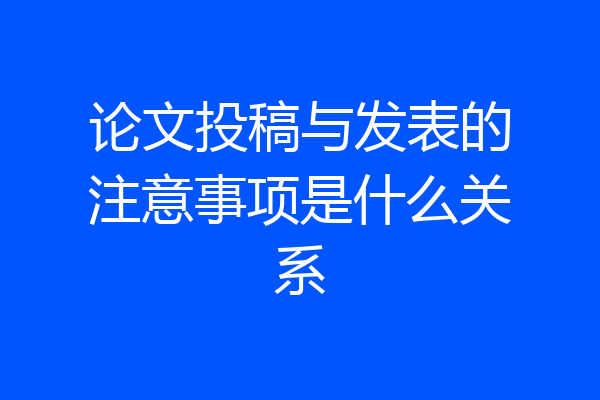 论文投稿与发表的注意事项是什么关系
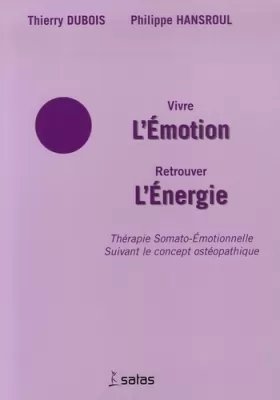 Couverture du produit · Vivre l'Emotion Retrouver l'Energie: Thérapie Somato-Emotionnelle suivant le concept ostéopathique
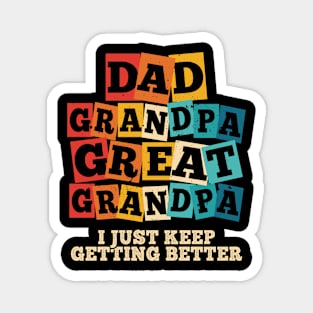 Dad Grandpa Great Grandpa I Just Keep Getting Better Retro Magnet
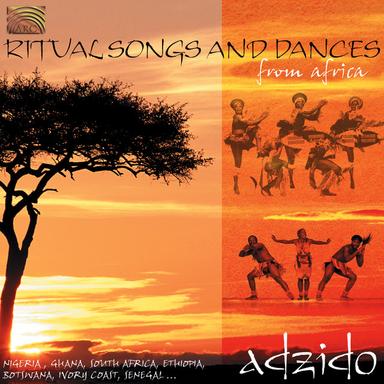 Adzido: Ritual Songs and Dances From Africa
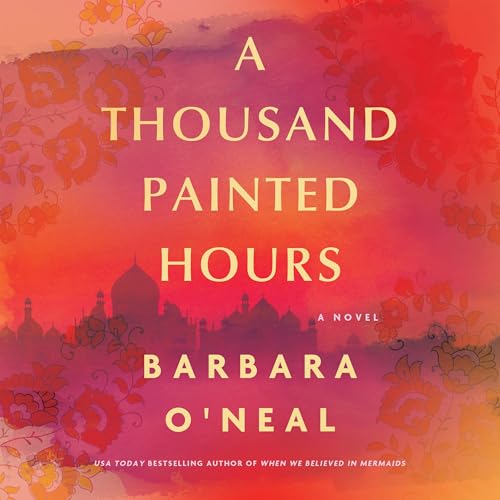 A Thousand Painted Hours by Barbara O'Neal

■ **EXERCISE REQUIREMENTS**
Begin at the line containing "Couverture du produit" and write out every line to the end of the data exactly. Skip the pictures.

■ **EXERCISE RESULT**
 Couverture du produit · Vivre l'Emotion Retrouver l'Energie: Thérapie Somato-Emotionnelle suivant le concept ostéopathique
 Dad Grandpa Great Grandpa I Just Keep Getting Better Retro Magnet
 Adzido: Ritual Songs and Dances From Africa
 A Thousand Painted Hours by Barbara O'Neal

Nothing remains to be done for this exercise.